DHS advisor hastily told Washington Post incident was foreign cyber attack
Paul Joseph Watson
Prison Planet
“The whole thing was a general pain,” Don Craven, a trustee of the Curran-Gardner Township Public Water District, said Tuesday.
“First, they tell us that it’s the first instance of cyber hacking in the entire world, and everyone goes nuts. Now, all of a sudden, they tell us it’s not.”
DHS and FBI officials have confirmed that they have discovered no evidence of cyber intrusion or any other malicious activity by foreign or domestic hackers.
This marks a stark contrast to reports last week, which focused around the alarmist rhetoric of Homeland Security advisor Joe Weiss, who told the Washington Post, “This is a big deal….It was tracked to Russia. It has been in the system for at least two to three months. It has caused damage. We don’t know how many other utilities are currently compromised.”
The Post ran the story under the headline, Foreign hackers targeted U.S. water plant in apparent malicious cyber attack, expert says.

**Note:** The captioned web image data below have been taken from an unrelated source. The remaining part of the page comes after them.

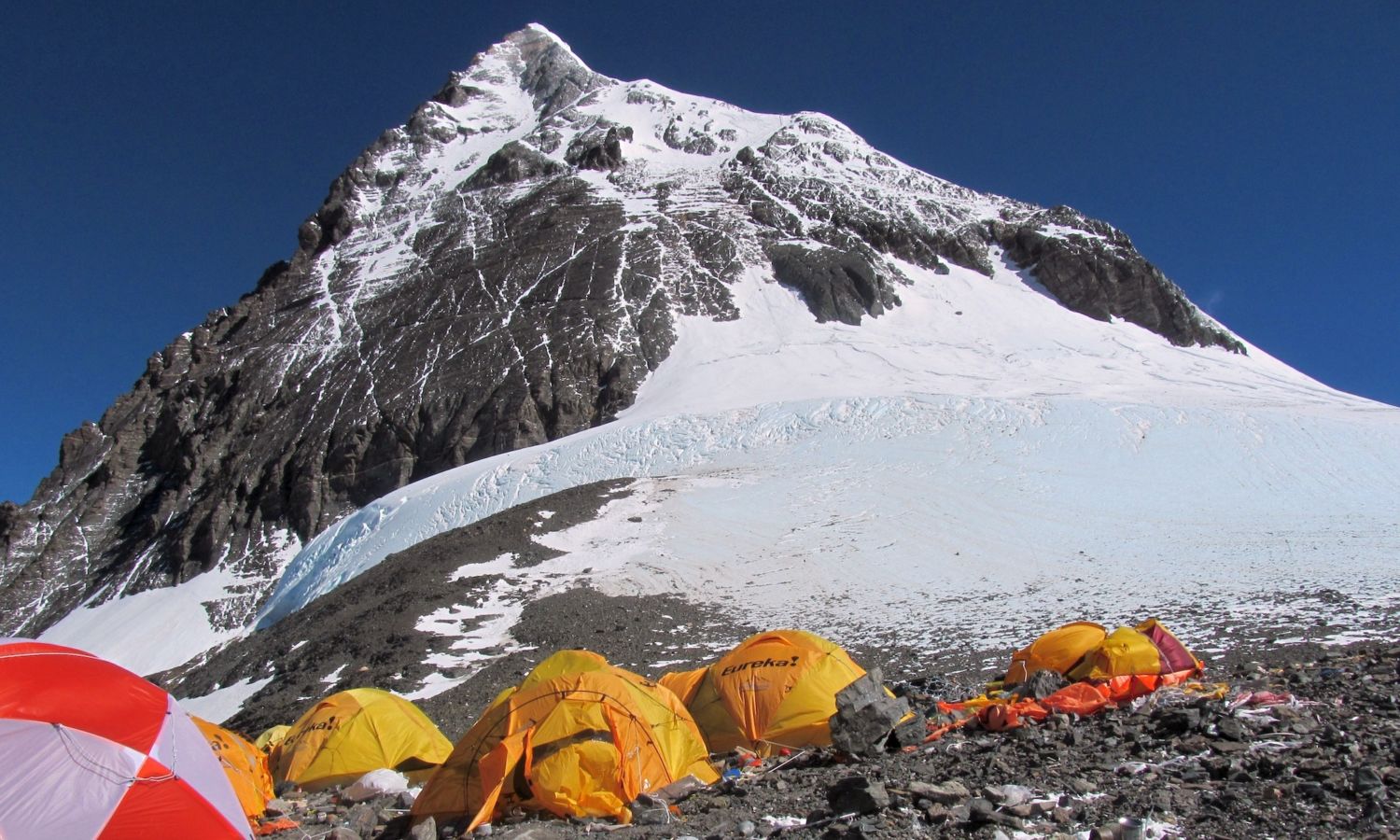 Climate Change Has Reached the Top of Mount Everest, Thinning Its Highest  Glacier - Yale E360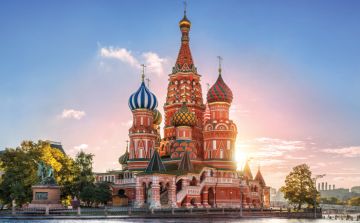 Best 8 Days 7 Nights Moscow Family Vacation Package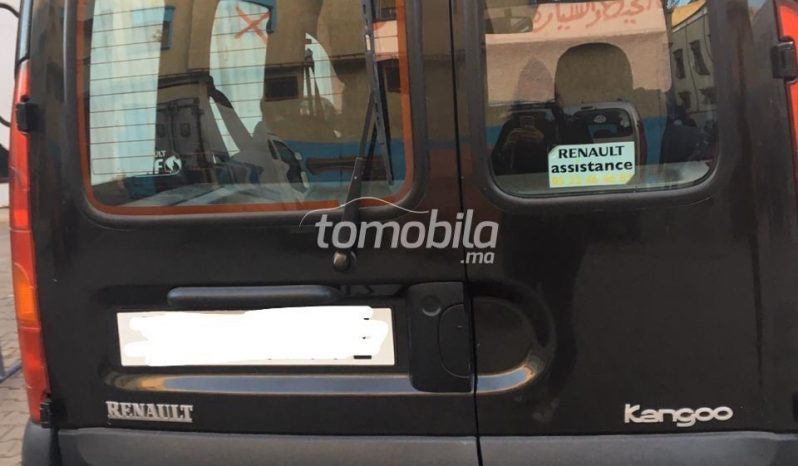 Renault Kangoo  2013 Diesel 25000Km Taounate #91501 plein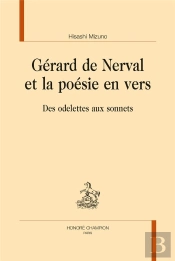 Gérard De Nerval Et La Poésie En Vers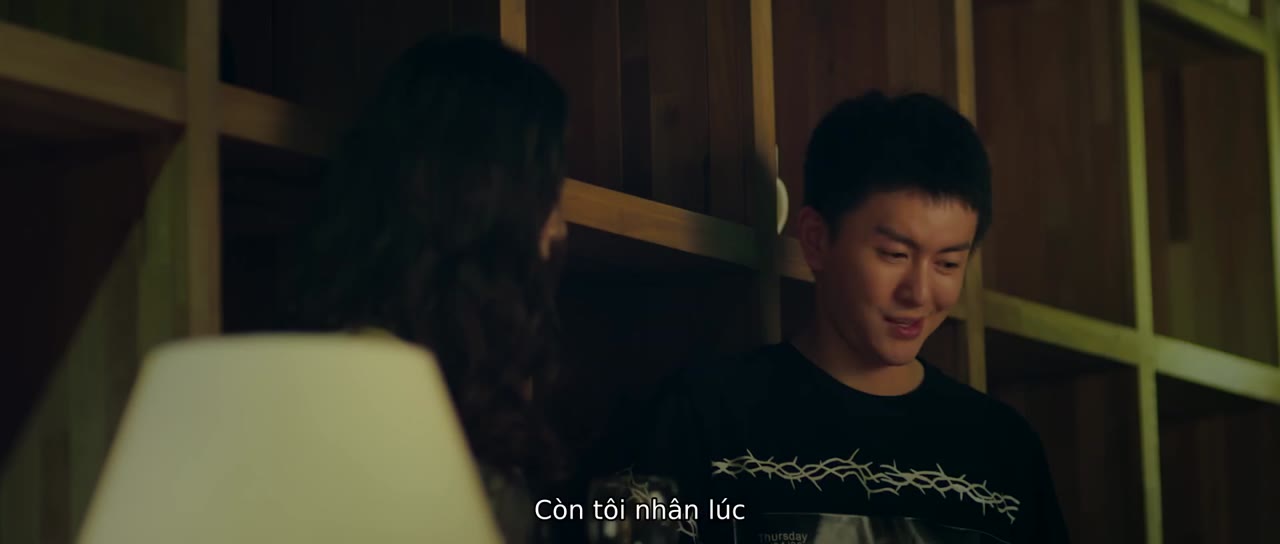Phục Hy giác ngộ tập 1 cảnh 3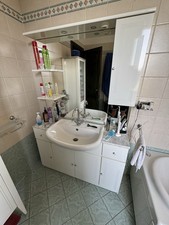Mobile bagno sottolavabo usato  Sabbioneta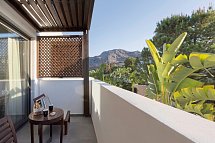 Aulus Lindos Rhodes, Curio Collection by Hilton - Wohnbeispiel Bungalow Garden View Tropical Zen Suite (Zimmercodierung B3G)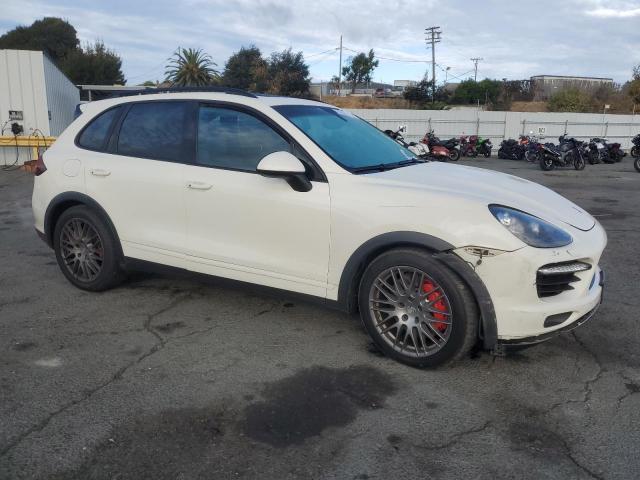 Photo 3 VIN: WP1AC2A23CLA81911 - PORSCHE CAYENNE TU 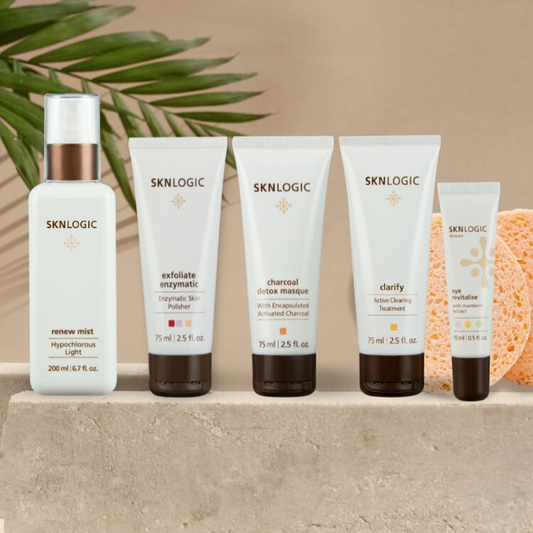 SKNLOGIC Prepacked Kit - Dark Spot Control Advance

Although the newspaper cited a report obtained by Weiss that was “unknown and impossible to immediately verify,” they still ran with the story, setting off an onslaught of subsequent fear mongering about how more cybersecurity powers were essential to prevent further attacks.
Indeed, on Monday Weiss was back in the news, telling the Toronto Star that the “attack” was “scary” and had “enormous implications” for infrastructure security.